Jonny Nash è parte attiva di alcuni dei progetti più interessanti degli ultimi anni, a voler esser pignoli potremmo partire da quel favoloso e sottovalutato Ep composto insieme all’amico Tako Reyenga ed intitolato Journey To The Centre Of The Sun a nome Sombrero Galaxy. Era il 2010. Ancora, l’intrigante album Land Of Light insieme a Kyle Martin, o il recente album targato Gaussian Curve in trio con Gigi Masin e Young Marco. Una direzione che punta verso una musicalità marcatamente melodica, e non potrebbe esser altrimenti, visto che Nash è un polistrumentista in grado di cogliere l’essenza da ogni strumento utilizzato.
Ci raccontava dello spazio e del silenzio; questo Phantom Actor (secondo lavoro pubblicato a suo nome dopo l’introvabile esordio dello scorso anno sulla giapponese Snaker) è concepito proprio per sfruttare dei tempi dilatati, distese nelle quali amplificare degli accordi semplici ma rilasciati attraverso vibrazioni capaci di penetrare negli strati più profondi dell’anima.
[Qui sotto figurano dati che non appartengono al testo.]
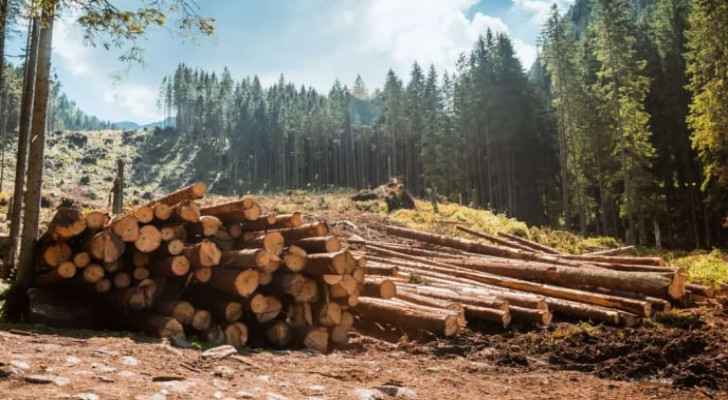 Logging gang busted in Jordan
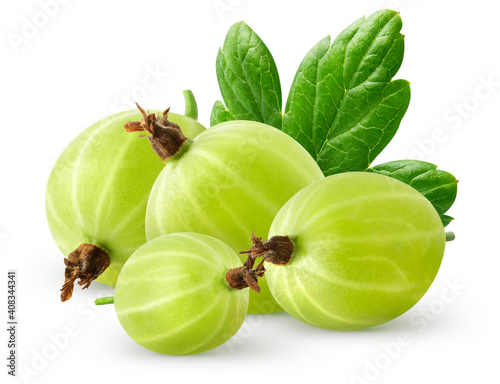 Isolatec gooseberries. Bunch of green gooseberries isolated on white background with clipping path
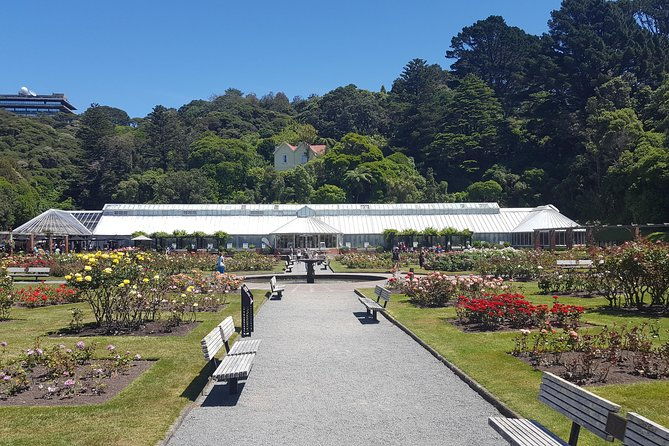 Wellington Shore Excursion: From Cave to Coast Highlights Private Tour - Who Should Consider This Tour?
Basterebbe il brano d’apertura, Shallow Space. Sequenze di tre note di pianoforte intervallate da un pad delicato, al secondo giro sei già uno straccio, emergono tutte le emozioni insieme al calore corporeo, ti senti bruciare mentre in quei quattro minuti accade sempre la stessa cosa, si manifesta l’amore.
E’ il suono della chitarra a saturare l’aria di Vision Partially Obscured, qualche percussione lontana, ancora un pianoforte, siamo in uno di quei tramonti balearici che non devono spiegar niente a nessuno. Parla il momento, un’istantanea che profuma di eterno, e si sazia di quel che trova in quell’esatto momento.
I battiti risuonano in lontananza, sono percussioni che anticipano la notte. Dei tappeti atmosferici che ispessiscono il buio, quel pianoforte che sembra distillare gocce d’acido proprio all’ingresso della notte. Year Of The Wooden Horse reinterpreta con imbarazzante fedeltà quel che tutti sappiamo solo immaginare di una città come Detroit.
Il brano più lungo, quello che satura tutto lo spazio e forse anche il più complesso. Dà il titolo al disco ed in qualche maniera è la summa di tutte le parti chiamate a giocare. C’è poco di tutto, in tempi che lasciando intendere lunghi respiri ma colmi di suono e di un’inafferrabile groove cosmico che è in tutto e per tutto magia.
Il finale è uno di quei luoghi dove spogliarsi degli strati superficiali e trovare la pace. Un incanto di pianoforte, elettronica d’ambiente ed il soave suono di una tromba.
Potrebbe passare inosservato a molti, non è difficile, l’attenzione che si dedica a composizioni così semplici e di getto è sempre meno, ed infatti questo è proprio uno di quegli esempi di dischi per pochi, sentitevi anche parte di un élite ma non perdete mai il contatto con il vero messaggio che questa musica vuol dare: tornate ad innamorarvi della semplicità.